One of the sources of this message is a book I'm reading about relevance. It has me thinking about my own life and how what is relevant to me has shifted a lot in the past 14 months. When I became a mother, my perspective on things really changed. I noticed a baby consignment shop in my neighbourhood for the first time, even though it has been open for years and I have walked by it countless times. I learned that the sidewalks and streets of Halifax are incredibly frustrating to navigate with a stroller and by extension have started to think a lot about mobility and accessibility issues. My brain is now always occupied with planning and coordination in order to juggle the requirements of work and home. Time and again my husband and I have commented on just how much hard and tiring work is involved in parenting, and how glad we are to be part of a team rather than single parents.
I know that single parenthood isn't the first thing that comes to mind when someone says Remembrance Day. If you are like me, you think of people in uniform fighting overseas. We think of the ones who didn't come back, like my Uncle Grenville. We talk about the home front, of women going to work for the first time, of Victory Bonds and rations. But as I started to think about my annual tradition of a Remembrance Day blog post, I got thinking about my Grandma, raising little Susan-Jane alone while Grandpa was serving in Europe and Asia. Sure she had family and friends around to help her, but caring for a small child on your own is incredibly difficult and extremely lonely. The weeks that Allie and I spent visiting my family in New Brunswick taught me that. Being surrounded by my family and being able to text with my husband was wonderful, but being the sole caregiver was still lonely and exhausting.
I am embarrassed to say that I have never seriously thought about Grandma's single parenthood during the Second World War. The photos and letters and our family stories are testimonies to Grandpa's dedication as a father. The recording that he made for Grandma and Aunt Susan in London includes a serenade for his baby girl and a loving reprimand for his wife to look after herself and her health so she can be at her best for their little family. He was as present and engaged as he could possibly be given the circumstances, so in looking at the archival evidence, it doesn't really feel like Grandma was on her own. But if you remove Grandpa's letters and photo album and record, the single parenthood is painfully obvious. A mother and her daughter on their own, time and again.

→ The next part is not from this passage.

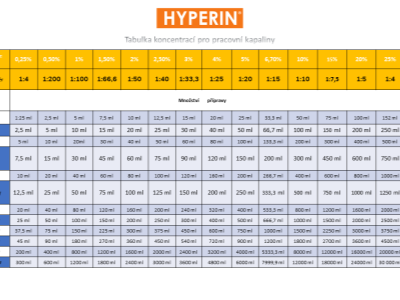Tabulka koncentrací pro pracovní kapaliny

The photographs of Grandma and Aunt Susan also include beach trips and frolicking in the snow and having play dates with cousins and neighbours. It is clear that this little girl was receiving love and attention from everyone around her; that the village really was raising the child. And I think it is safe to assume that a lot of other mothers had similar experiences. Neighbourhoods and communities banded together to meet the needs of all the mothers raising their children alone while their husbands were away. And once these networks were established, support could continue as families adjusted to new realities when husbands and fathers returned home. The first night Grandpa was back home, Grandma woke up in the middle of the night and in her sleepy state was scared to find a man in bed with her, so rushed to Susan-Jane and hid with her in a closet. It may be a funny story now, but it is also a stark reminder of just how big an adjustment it was to have Grandpa rejoin the family after four years away.
We talk a lot about museums serving and meeting the needs of their communities, whatever these needs may be. Sometimes you may have a widespread issue like the temporarily single mothers of the Second World War. Other needs won't be as obvious, but are just as important to those experiencing them. So as we ponder our Remembrance Day exhibits, our biographies and profiles of the servicemen and women from our communities, and our programs and events that honour them, their experiences and their stories, I hope that we can take some time to really ponder the incredible information we are holding in public trust. Let's keep our eyes open and our ears to the ground as our lives change and priorities shift, and embrace what we learn from ourselves and others about what is relevant and why. As I embrace the newly relevant things in my life and community, I hope that I can pass on these old stories with new angles to Allie and her friends. I hope that I can take a lesson from these old communities and help to meet a need when I see it. And I hope that our museums can do the same.